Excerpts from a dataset
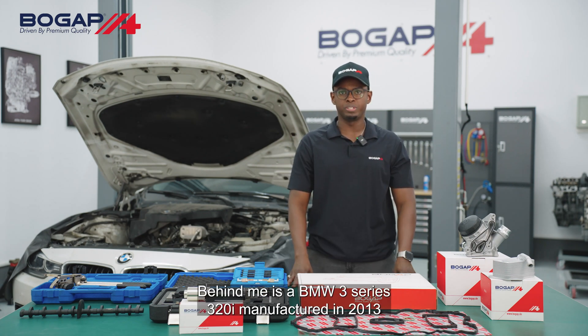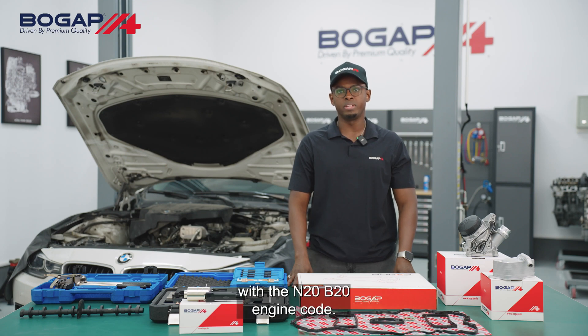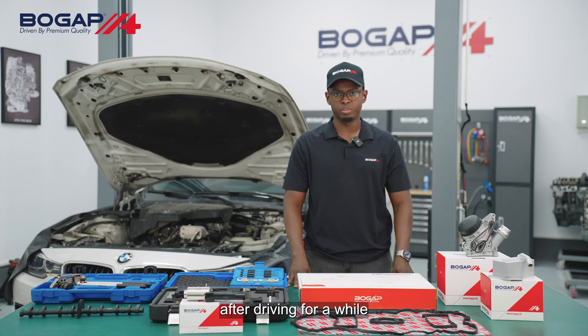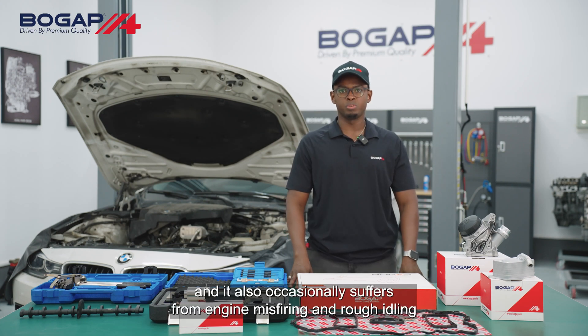Behind me is a BMW 3 Series 320i manufactured in 2013 with the N20 B20 engine code. The engine on this car has obvious abnormal noise after driving for a while, and it also occasionally suffers from engine misfiring and rough idling.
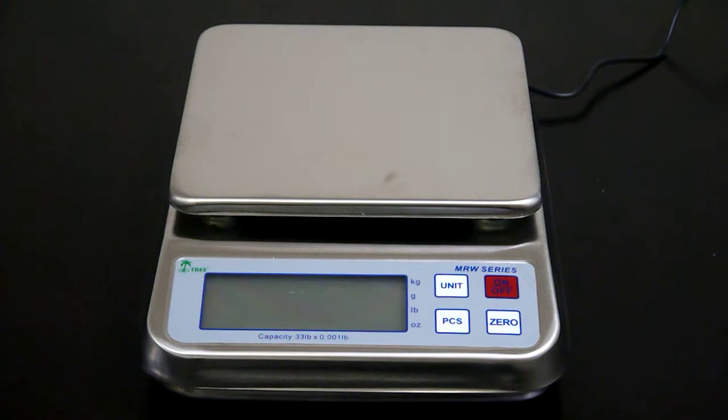Today I'll be showing you how to adjust your auto shutoff settings for the MRW series scale. In this video, I'm currently using the MRW 33. However, this process also works for the MRW 3, 7, and 15.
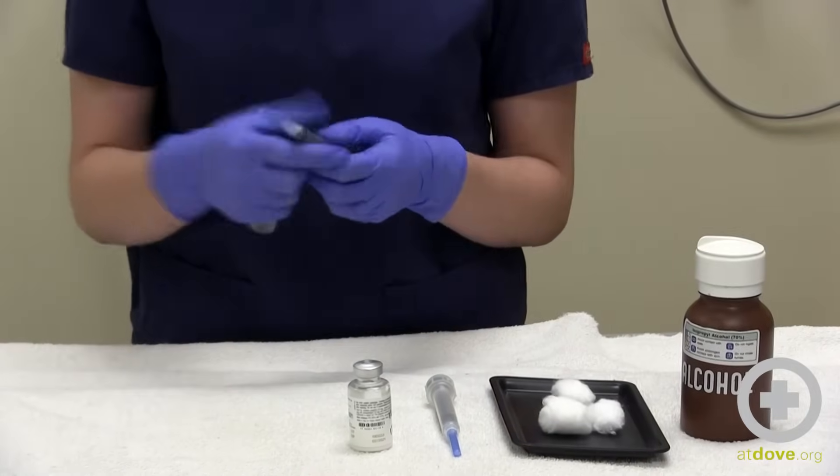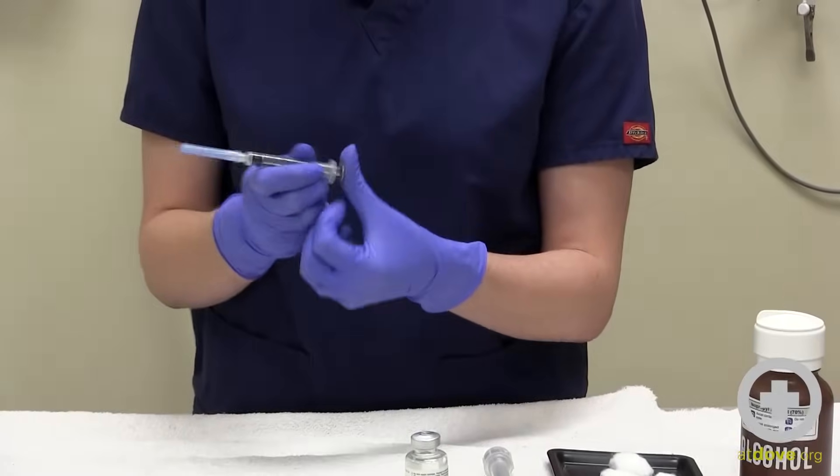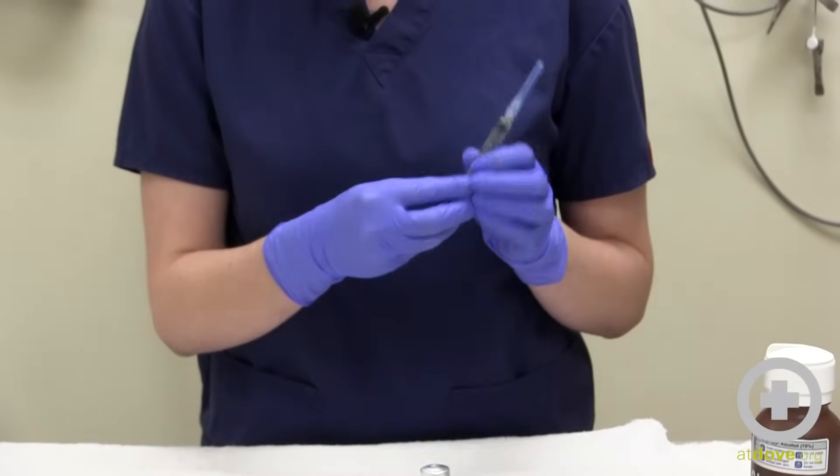Open your new syringe. I like to depress the syringe so that you can break that seal and it's a little bit easier to draw up. Make note of where you're going to be drawing to.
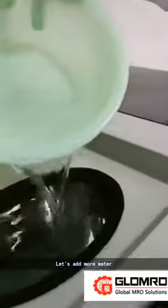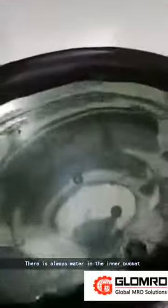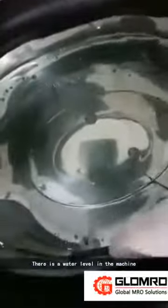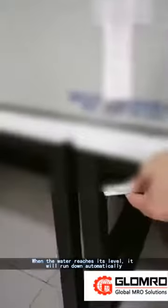Let's add more water. There is always water in the inner bucket. There is a water level in the machine. When the water reaches its level, it will run down automatically. A spillway discharges the water.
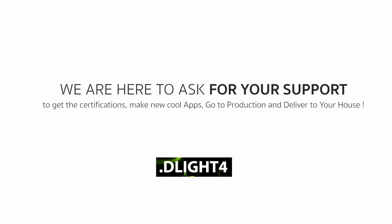We are here to ask you for your support — to get the certifications, make cool new apps, and go to production to deliver to your house. The power to control lighting is in your hands. So join us and let us help light up your world.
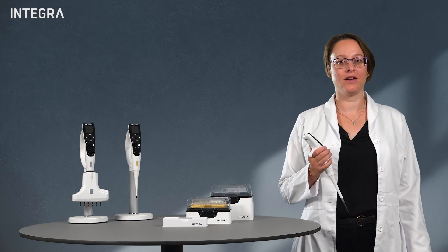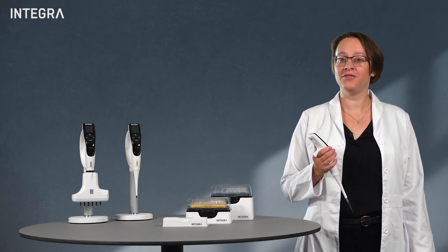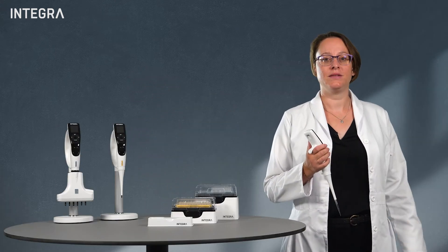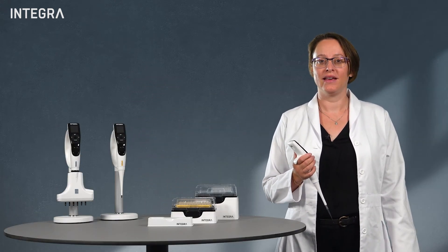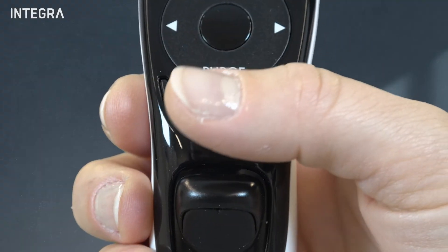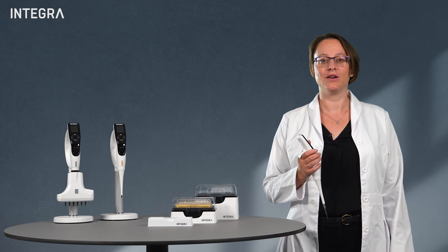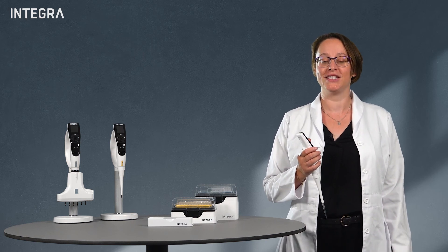One last point to consider is ergonomics. Some of you might feel more comfortable simply pressing a button to aspirate, mix and dispense — this is something which electronic pipets offer. For others, this is not a consideration, so manual pipets do the job just fine.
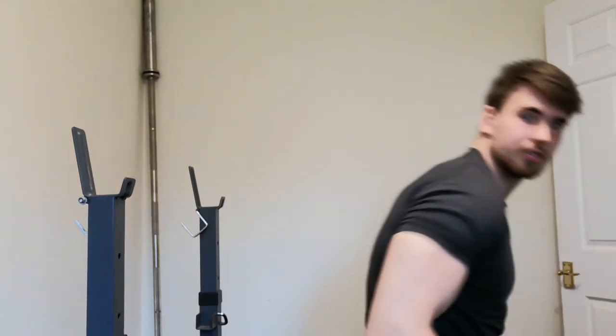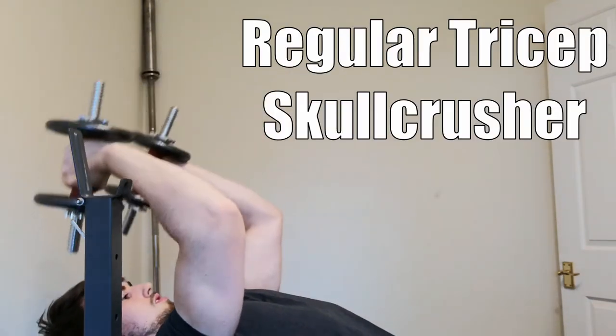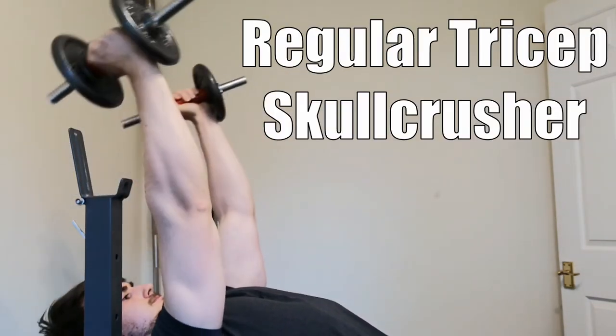I'm going to show you a technique that can save your elbows, whether it's because you have elbow issues right now or you just don't want to get them in the future. The exercises being used are a JM press or a CAS press. A JM press is a mix between a skull crusher and a close grip bench press, somewhere in between.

• **PROBLEM TO WORK ON**
From the opening line of the entries above to the line containing "We are here", please transcribe each line exactly, skipping every picture.

• **WRITTEN SOLUTION**
Behind me is a BMW 3 Series 320i manufactured in 2013 with the N20 B20 engine code. The engine on this car has obvious abnormal noise after driving for a while, and it also occasionally suffers from engine misfiring and rough idling.
Today I'll be showing you how to adjust your auto shutoff settings for the MRW series scale. In this video, I'm currently using the MRW 33. However, this process also works for the MRW 3, 7, and 15.
Open your new syringe. I like to depress the syringe so that you can break that seal and it's a little bit easier to draw up. Make note of where you're going to be drawing to.
Let's add more water. There is always water in the inner bucket. There is a water level in the machine. When the water reaches its level, it will run down automatically. A spillway discharges the water.
We are here to ask you for your support — to get the certifications, make cool new apps, and go to production to deliver to your house. The power to control lighting is in your hands. So join us and let us help light up your world.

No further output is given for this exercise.